1. Wow! They Included Rebecca’s Amulet.

EP3 Time Stamp: -1:07

In the book One Hundred Years of Solitude, Rebeca arrives with an amulet on her right wrist. This happens in Chapter 3.

When the camera in Episode 3: A Daguerrotype of God zooms in on the amulet bracelet, I gasped. The deep dive into the text required for this costume detail is a big deal to me! It’s one of many signs of the intense love and energy that has gone into this project. Standing ovation for this adaption team!

There are only two people in all of One Hundred Years of Solitude who wear amulets on their right wrist: Rebeca and José Arcadio Jr.. They both wear them on the day they arrive in Macondo unexpectedly.

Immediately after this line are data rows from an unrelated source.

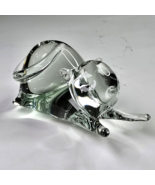 Vintage Crystal Clear Glass Cat Pouncing 4.25in Fine Animal Décor - $54.69 CAD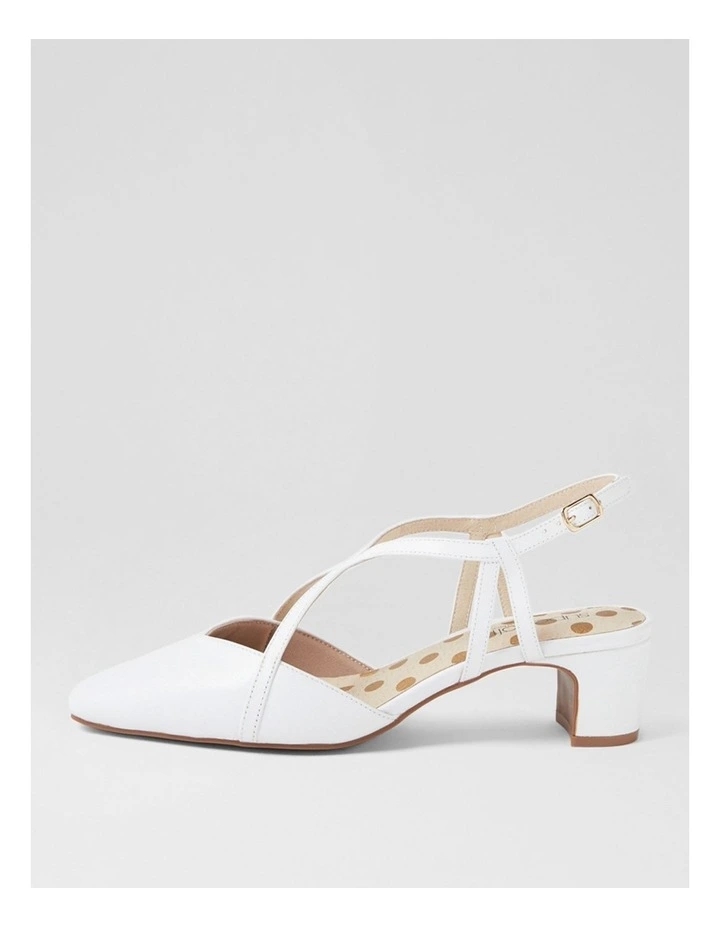 Kaylas White Leather Heels image 1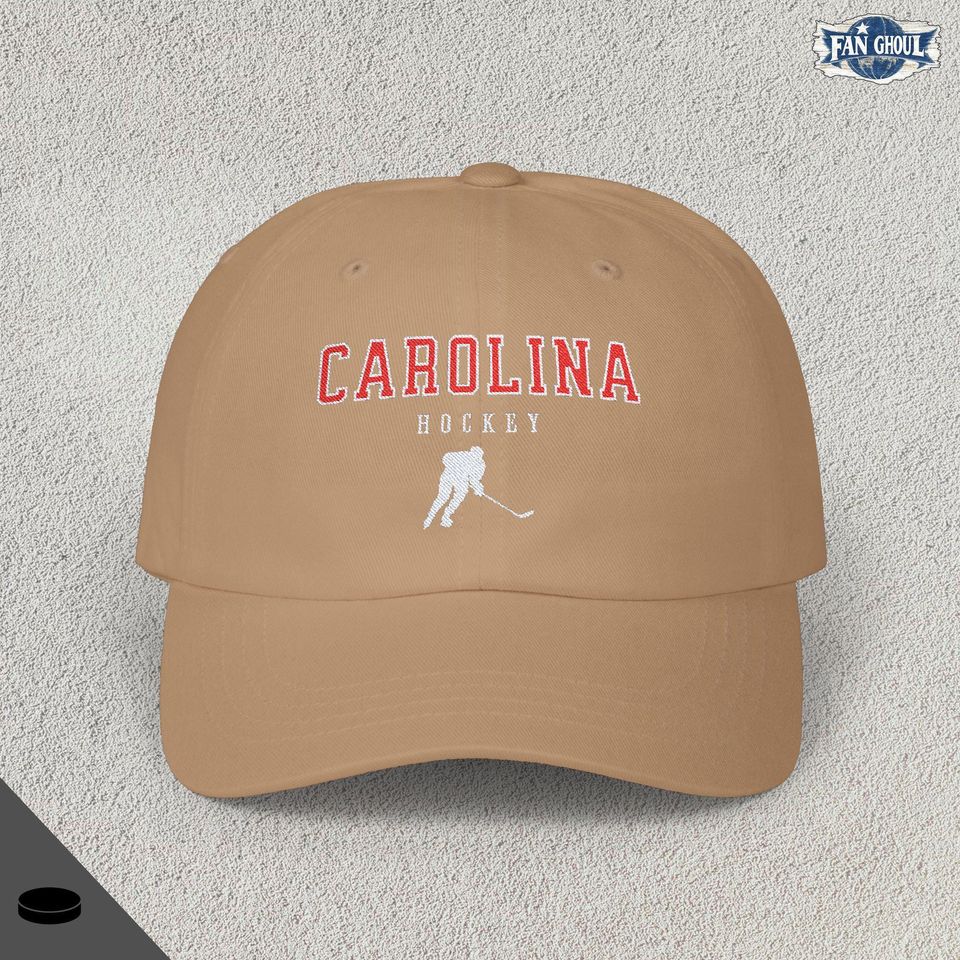 Carolina Hockey Embroidered Classic Dad Cap - Sports Fan Apparel, Retro Baseball Hat, Vintage Cap, Hockey Team, Hockey Lover Gift, Hurricane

Eventually, they get married too.

Annotate the amulets in in the original text:

“on [Rebeca’s] right wrist the fang of a carnivorous animal mounted on a backing of copper as an amulet against the evil eye.” (Chapter 3, p 42)

“on [José Arcadio’s] right wrist was the tight copper bracelet of the niños-en-cruz amulet.” (Chapter 5, p 92)

Crossing my fingers that there’s a similar close up of José Arcadio Jr.’s amulet on his right wrist, which is a niños-en-cruz charm, during his return-to-Macondo episode.

2. The insomnia plague signage was better on screen than in the book!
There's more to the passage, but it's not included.